E o espaço vazio onde antes estivera a figura escura.
Passei a mão lentamente sobre a madeira. Sentindo. Lembrando. Compreendendo.
A Memória que se transforma
A fogueira surgiu novamente.
Mas agora sem dor, eu via o jovem ajoelhado. Frágil. Cansado. Mas digno.
E, pela primeira vez não vi um serviçal. Vi um homem. Um igual.
A Reconstrução
Aproximei-me dele naquela memória, mas não como antes. Não com autoridade. Não com imposição. Apenas presença.
— Você pode ir — disse, naquela lembrança reconstruída.
Ele levantou os olhos. Surpreso. Livre.
E, dessa vez sorriu.
Presente
Abri os olhos, respirei fundo. Algo dentro de mim… se reorganizava. Como se o passado tivesse sido reescrito. Não apagado, mas compreendido. E isso mudava tudo.

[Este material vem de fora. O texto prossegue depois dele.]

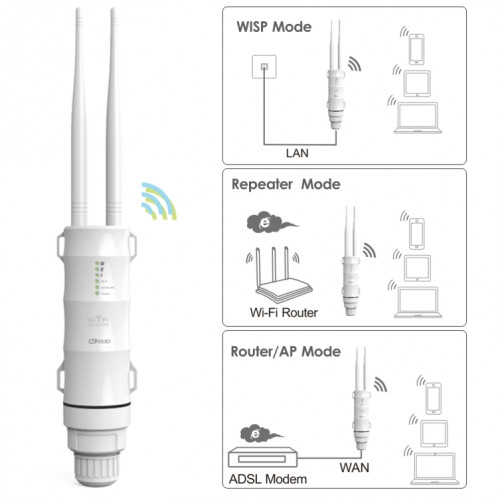 Répéteur extérieur haute puissance à double fréquence WAVLINK AC600 AP 2.4G / 5G, type Pulg: prise américaine SW670247-010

Sentei-me à mesa, olhei as fotos, minha esposa, minha filha, meus netos. Otávio.
Em cada rosto uma história. Em cada história… um possível ciclo.

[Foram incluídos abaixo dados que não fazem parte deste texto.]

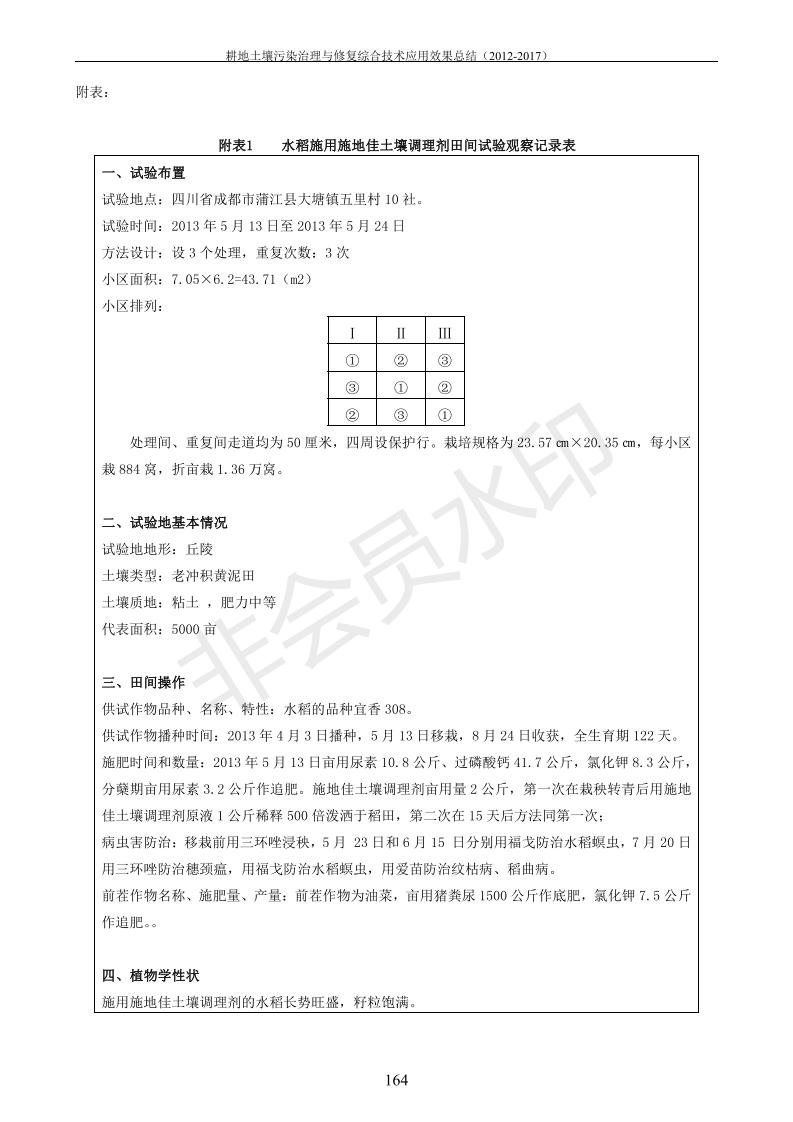沉金属传染治理试验示范汇集2018.1.21非凡国际（合成本）_172.jpg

Quantas vezes eu poderia ter repetido?
Quantas vezes ainda poderia repetir sem perceber?
Sorri levemente.
— Agora eu sei.
O Novo Olhar
A vida não era mais uma sequência de eventos. Era um campo de escolhas constantes.
Silenciosas, e muitas vezes invisíveis. Percebi que o verdadeiro poder não estava em controlar. Nem em prever. Mas em… permitir.
O Sinal
Certa tarde, ao abrir meu e-mail vi uma mensagem.
Remetente: Otávio.
Simples. Direta. Como ele. Abri.
“Pai, cheguei bem. Tudo novo, mas estranhamente, familiar. Sinto que estou exatamente onde deveria estar. Obrigado por tudo. Seguimos...

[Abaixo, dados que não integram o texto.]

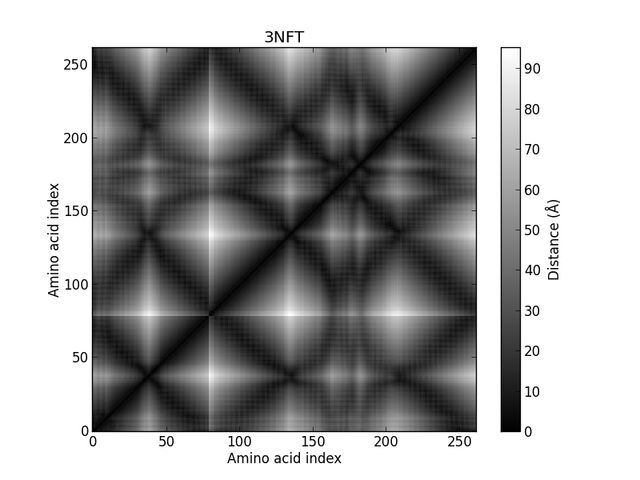 File:3NFT.jpg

Sorri, sem saudade dolorosa, sem vazio. Apenas conexão.
A Última Presença
Levantei-me. Fui até a janela. Olhei a baía. Os barcos.
O movimento e por um breve instante senti algo, não pesado. não ameaçador.
Apenas distante. Como um eco.
Virei levemente o olhar e lá estava ele.
Eduardo do outro lado da rua.
Parado, observando.
Dessa vez sem intensidade.
Sem força. Sem domínio.
Apenas presente. Como sempre fora.
Ele me olhou. Sustentei o olhar. Sem medo. Sem desafio.
Apenas consciência. Ele assentiu levemente.
E pela primeira vez sorriu de forma quase humana.
Depois foi embora.
Voltei meu olhar para o horizonte.
Respirei fundo e entendi. Ele nunca foi o inimigo. Nunca foi o causador.
Era apenas a consequência, daquilo que escolhemos não resolver.
O Retorno Verdadeiro
Fechei os olhos por um instante e dentro de mim, tudo estava em paz.
Não havia mais guerra, não havia mais dívida, não havia mais peso. A volta
finalmente havia acontecido.
Porque, no fim, voltar nunca foi sobre o lugar, mas sobre quem escolhemos ser ao chegar.
Ao final, compreendemos:
Nada foi em vão. Cada dor, cada escolha, cada desvio do caminho fez parte de um movimento maior — silencioso, inevitável e necessário. A volta não é um castigo é um chamado.
Um chamado à consciência, à reparação e, acima de tudo, à evolução. O que não foi compreendido, retorna. O que é enfrentado, transforma. E o que é aceito... liberta.
Que esta jornada não termine aqui, porque a verdadeira volta não está nas páginas deste livro — mas dentro de quem teve coragem de lê-lo. E então… a compreensão chega. Silenciosa. Profunda. Irreversível. Nada pôde ser evitado. Nada pôde ser apagado. Nada se perdeu. Tudo aguardava.
A volta não foi um acaso. Foi um encontro marcado — entre o ser e a sua própria verdade.
O que feriu, ensinou.
O que doeu, moldou.
O que retornou… libertou.
Porque não há condenação maior do que não compreender.
E não há liberdade maior do que finalmente enxergar. Que cada leitor leve consigo esta certeza: A vida não cobra.
A vida revela, e aquilo que é revelado nunca mais pode ser ignorado.